Top of ENTRIES SHOWN

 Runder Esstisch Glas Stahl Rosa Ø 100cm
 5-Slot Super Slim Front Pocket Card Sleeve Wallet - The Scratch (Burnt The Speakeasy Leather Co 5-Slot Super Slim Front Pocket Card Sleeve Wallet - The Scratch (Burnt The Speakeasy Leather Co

Bottom of ENTRIES SHOWN
Top of ENTRIES SHOWN

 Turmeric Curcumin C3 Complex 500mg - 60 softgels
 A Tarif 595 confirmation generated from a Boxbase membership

Bottom of ENTRIES SHOWN
Top of ENTRIES SHOWN

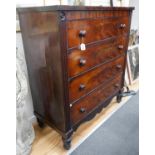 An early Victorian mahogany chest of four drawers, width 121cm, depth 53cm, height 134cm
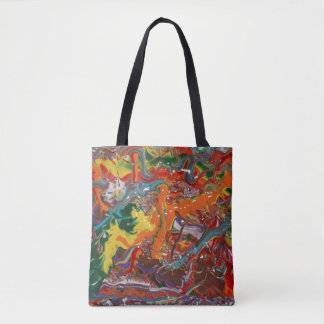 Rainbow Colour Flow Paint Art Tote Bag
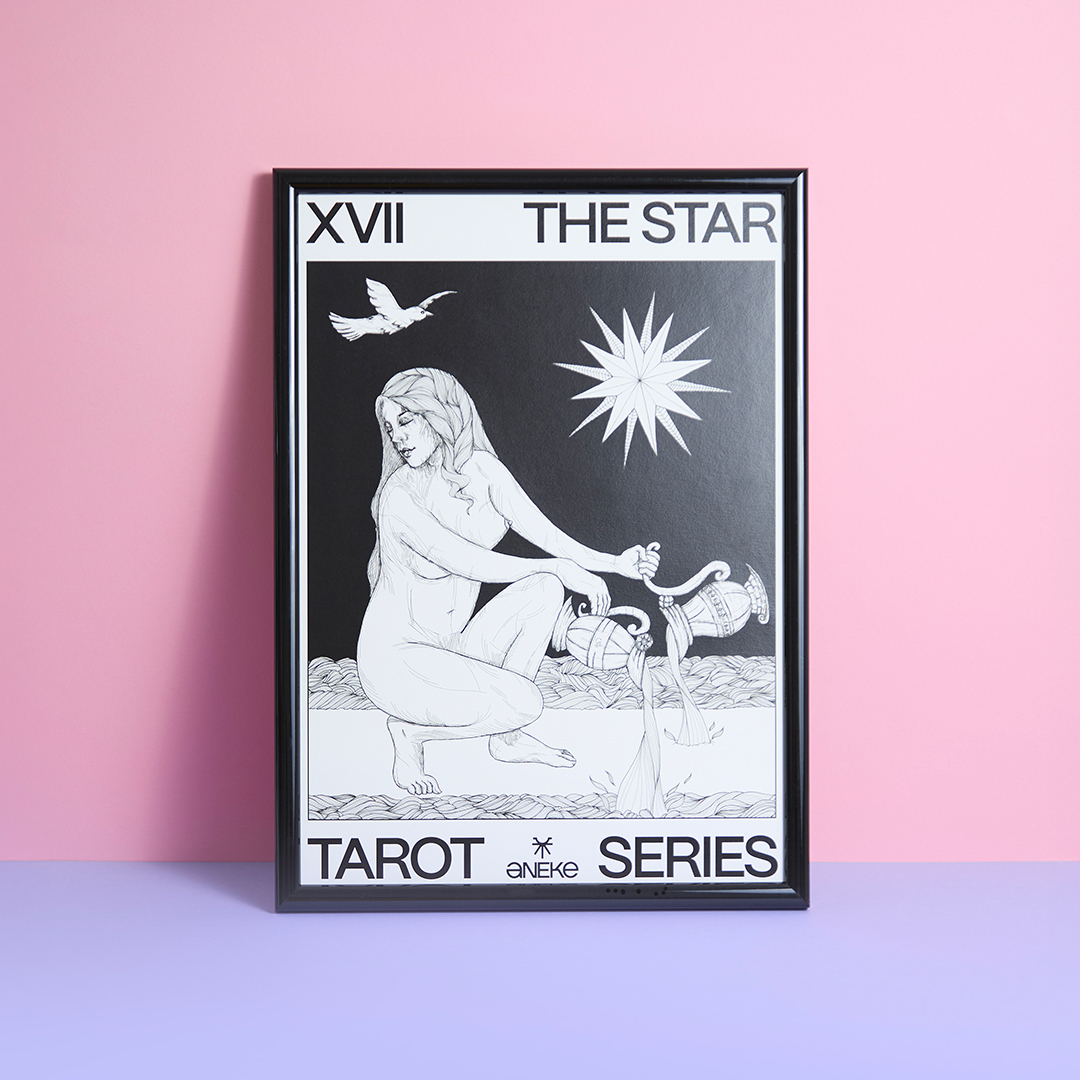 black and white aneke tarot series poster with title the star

Bottom of ENTRIES SHOWN

INSTRUCTIONS FOR THE TASK
What is needed is an exact copy of the lines above, from the one containing "Runder Esstisch Glas Stahl Rosa Ø 100cm" through the one containing "Leather Co 5-Slot", with nothing added.

OUTPUT FOR THIS TASK
 Runder Esstisch Glas Stahl Rosa Ø 100cm
 5-Slot Super Slim Front Pocket Card Sleeve Wallet - The Scratch (Burnt The Speakeasy Leather Co 5-Slot Super Slim Front Pocket Card Sleeve Wallet - The Scratch (Burnt The Speakeasy Leather Co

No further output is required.